Example 2 (Instruction Prefetching and Cache
Accesses to a Unified Instruction/Data Cache): Instruction prefetching
alters the cache contents, which again alters the timing of data accesses,
if data elements in the cache are replaced by instruction prefetches. Since
the amount of prefetching depends on the pipeline state in the presence of
a sufficiently large prefetch queue, the amount of this interference cannot
be determined precisely if cache analysis is performed before pipeline analysis.
Example 3 (Branch Prediction): If the CPU predicts branches early in the fetch stages and redirects fetching
before instruction dispatch—as is the case in most modern processors—fetching
can be redirected through several levels of branches, causing several areas
of instruction memory to be accessed and its placement in the cache to be
altered. Since the amount of change to the instruction cache caused by this
depends on the state of the prefetch queue and, thus, on the pipeline state,
it can only be crudely approximated by a separate cache analysis.
To assess the effect of a separation of cache and pipeline analyses, one
can look at the effects that the necessary approximations of the behavior
of other processor components for the cache analysis have. For the ColdFire
5307, first the possible effects of branch prediction have to be estimated.
The number of instructions along the predicted target of a branch can be bounded
to be between one and 14 instructions, since prediction is done very early
in the fetch pipeline and an instruction buffer of eight entries can be filled
with prefetched instructions, plus up to four instructions in the instruction
assembly stage (IED) and two instructions in the fetch stages. Since prefetching
can be performed across multiple branches, an additional data-flow analysis
on the control flow graph has to be performed to collect all possible instruction
fetches at each branch. The information obtained in this way contains for
each program point a sequence of guaranteed fetches and a sequence of possible
fetches. The effect of the latter is especially disastrous for the cache analysis.
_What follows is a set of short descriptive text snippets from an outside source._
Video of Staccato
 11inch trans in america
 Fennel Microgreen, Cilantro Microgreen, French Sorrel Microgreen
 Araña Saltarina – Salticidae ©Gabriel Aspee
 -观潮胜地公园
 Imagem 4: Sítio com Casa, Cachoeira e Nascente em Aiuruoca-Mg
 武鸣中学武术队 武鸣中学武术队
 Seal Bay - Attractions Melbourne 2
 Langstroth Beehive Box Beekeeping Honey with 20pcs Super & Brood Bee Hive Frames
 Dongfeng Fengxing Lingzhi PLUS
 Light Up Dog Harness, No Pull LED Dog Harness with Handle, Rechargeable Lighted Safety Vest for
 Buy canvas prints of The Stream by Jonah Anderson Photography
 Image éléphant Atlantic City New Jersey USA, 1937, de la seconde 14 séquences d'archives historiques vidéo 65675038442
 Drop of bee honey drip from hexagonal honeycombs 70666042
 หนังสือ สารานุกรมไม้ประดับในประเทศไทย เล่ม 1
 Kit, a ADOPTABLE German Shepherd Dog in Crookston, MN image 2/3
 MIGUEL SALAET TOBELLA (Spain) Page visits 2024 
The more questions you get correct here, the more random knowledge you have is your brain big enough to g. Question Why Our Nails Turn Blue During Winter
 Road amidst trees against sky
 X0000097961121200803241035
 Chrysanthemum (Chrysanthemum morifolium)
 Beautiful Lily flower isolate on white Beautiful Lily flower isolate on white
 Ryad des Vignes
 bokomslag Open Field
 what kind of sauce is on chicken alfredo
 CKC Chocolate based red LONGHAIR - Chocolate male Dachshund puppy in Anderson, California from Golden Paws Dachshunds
Since it cannot be guaranteed that these instructions are fetched, they cannot
be guaranteed to be in the cache. However, since they may be fetched, they
may replace other cache lines from a cache set. The must analysis needs to
combine both possibilities emptying all cache sets that possibly fetched lines
map to.
Performing a cache analysis with the results of these possibly fetched
instructions as described above and comparing the result to those of a cache
analysis where no branch prediction is taken into account gives an indication
of the damage inflicted by the branch prediction approximation needed for
a separate cache analysis. Fig. 5
shows the results based on the same measure as that in Fig. 4 for a set of avionics benchmarks. The programs in that
benchmark have around 40 kB of executable code.
| Fig. 5. Precision
loss due to separate cache analysis.
| |
Note, however, that this does not include the effects of data accesses
to the unified ColdFire cache. Since we do not know the ordering of instruction
fetches and data fetches as they depend on the pipeline state in advance,
data fetches may replace instruction fetches in the cache and vice versa.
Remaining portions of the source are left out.